A few days after Yom HaShoah, Holocaust Memorial Day, I joined a group of American Jews and Germans on a visit to the former concentration camp Sachsenhausen. Aside from being a decade or two between the average visiting school group or Red Hat Society outing, we were the only group of Germans and Jews touring the memorial site together.

We were about 20 young professionals from all over the U.S. and Germany, spending the week together on a Germany Close Up program. For some, it was the first time visiting a memorial site. For all of us, it was an opportunity to learn about a small but significant part of the Holocaust’s history, side by side.

Sachsenhausen, standing less than 25 miles outside of Berlin, was built in 1936 as a forced labor camp for political prisoners. In the 1940s, when the Nazis began sending Jews exclusively to extermination camps, prisoners from dozens of countries were abused and killed there. By the end of the war, 50,000 lives had been taken, one quarter of the 200,000 total prisoners.

Tours of the site end at the former crematorium, where we held an impromptu memorial service. After each participant lit a candle, the Jews sang the Mourners’ Kaddish, and the Germans prayed with us. We held several moments of silence as we stood together, considering all we had learned, the air around us thick as if weighed down by the atrocities that happened there.

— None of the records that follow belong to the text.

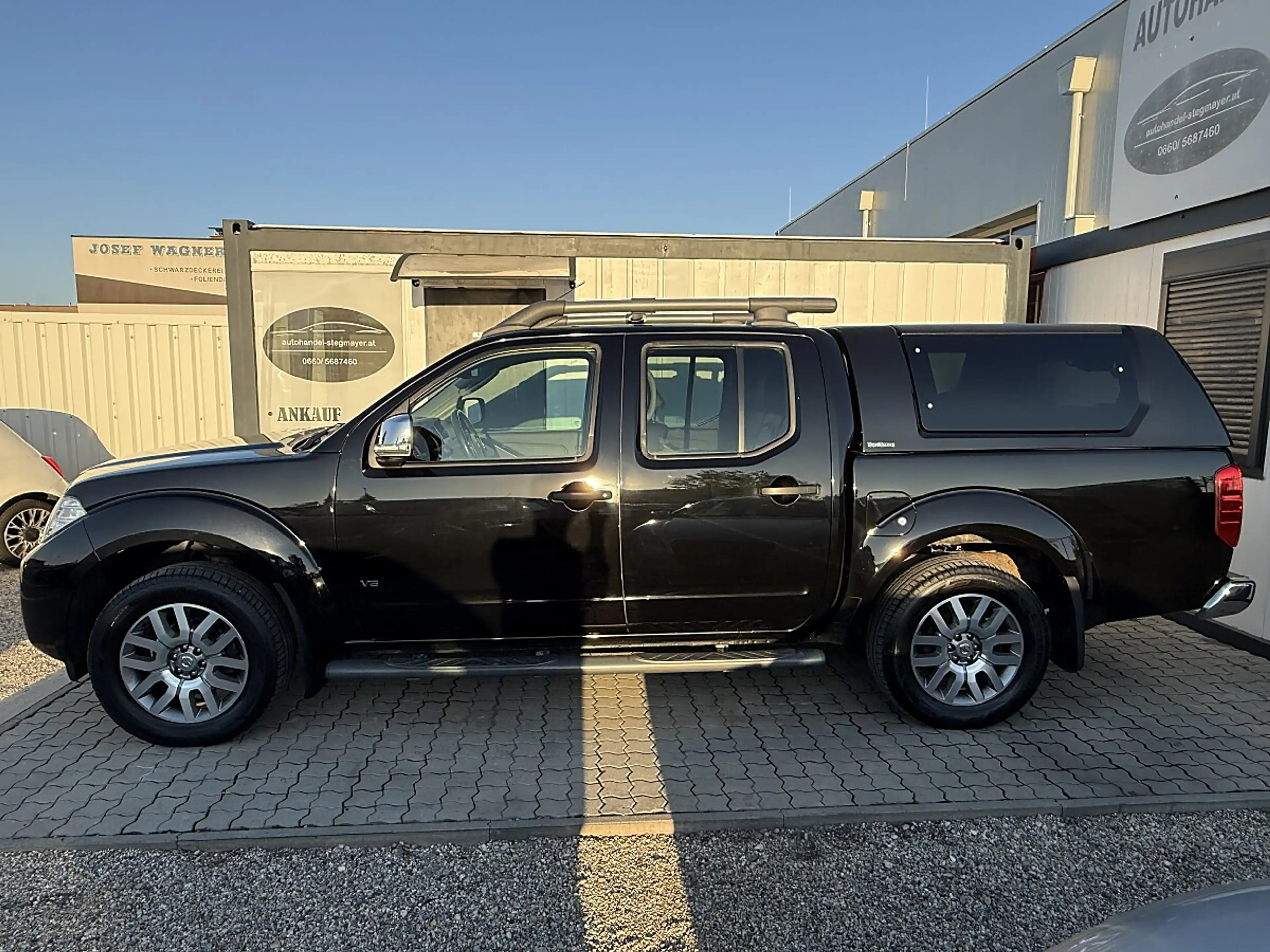 Nissan Navara Navara Double Cab 3,0 dCi 4x4 DPF Aut. — photo 6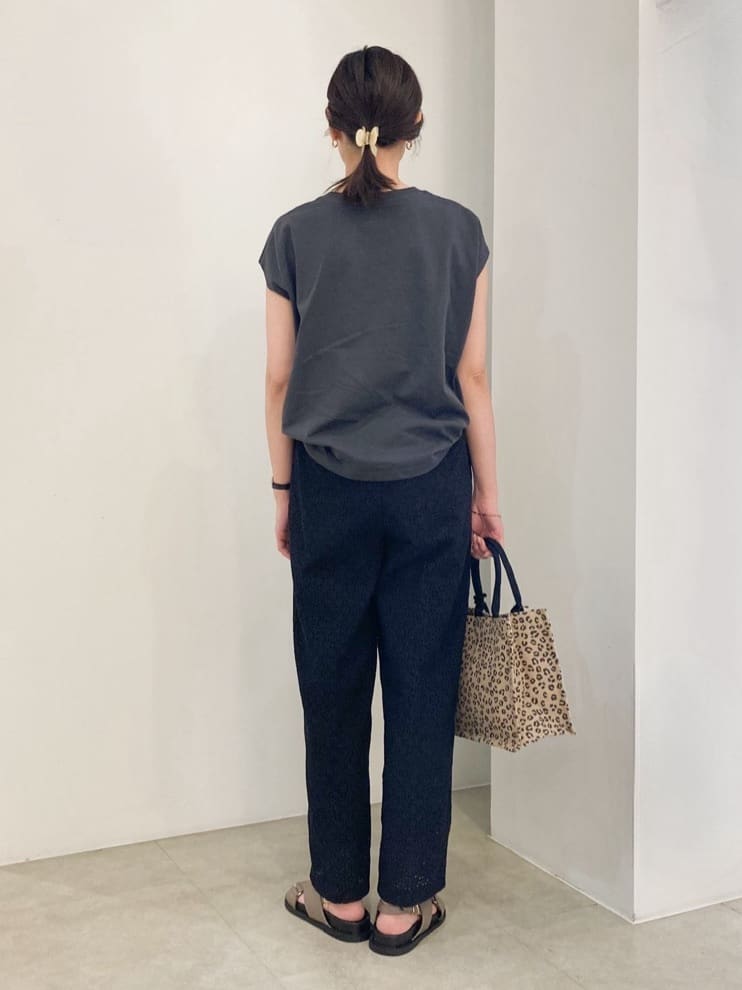 kanakoさんの「grove｜【Lee&times;grove別注】PRINT　SLEEVELESS T-SHIRTS」を使ったコーディネート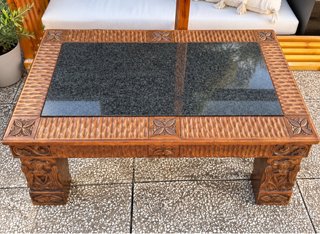 Mesa de centro de madera tallada y piedra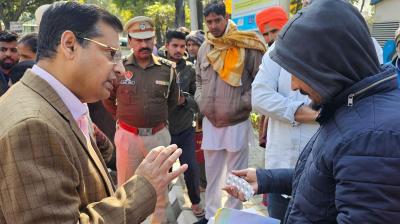 Unexpected visit to Civil Hospital Mohali by Chief Secretary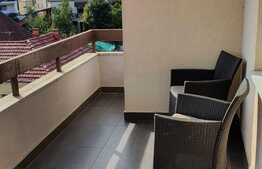 Apartament cu 6 camere, 180 mp, 4 balcoane, zona P-ta Engels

It wasn’t until a few hours later, over dinner and in our discussions afterwards, when we were able to process how we were feeling: the devastation, the shame, the anger, the resolve to never forget what we saw. The Jews questioned whether they would have fought back, or hidden, or fled. The Germans wondered what role they would have played, collaborator or defier, had they been born seven decades earlier. To hear these questions asked aloud, one after the other, in such an exposed way, was life-changing for us all.

A few days later, we joined together for Shabbat services on Friday evening at the New Synagogue on Oranienburger Strasse in Berlin. Before World War II, Berlin was the birthplace of Liberal Judaism, and the Neue (New) Synagogue was the main prayer space for Berlin’s 160,000 Jews. Since 1995, the synagogue has been home to the community Centrum Judaicum.

Many of the Germans in our group had never met a Jew before our trip, and now, one week later, they were singing Kabbalat Shabbat prayers! It was a powerful testament to the rebirth of Jewish life in Germany, and to the interest that many young Germans have taken in learning about Jewish history and culture.

When services were over, we lit Shabbat candles, blessed the wine and challah, and reflected on our time together over dinner. After an intense week, Shabbat provided a much needed respite for us all.

The visit to the former concentration camp and to the New Synagogue allowed us to connect with each other on a spiritual and emotional level. Breaking bread together then allowed us to deepen those emotional bonds and explore together the complicated issues of memory and identity, not as Germans and Jews but as a group of friends who had shared intense experiences with one another.

The program concluded several weeks ago, but our group still communicates regularly and has plans for future gatherings. Perhaps it’s because, as leaders committed to the transatlantic relationship and to German-Jewish relations, we’re all cut from the same cloth.

I have a feeling, though, it’s due to that special combination of praying and eating, which provides nourishment for the soul and the body, that allowed us to trust each other enough to share our most vulnerable thoughts and feelings. It’s something I hope we all remember when searching for a way to connect with people of different countries and cultures.

Alyssa Weiner is assistant director of international Jewish affairs at American Jewish Committee (AJC).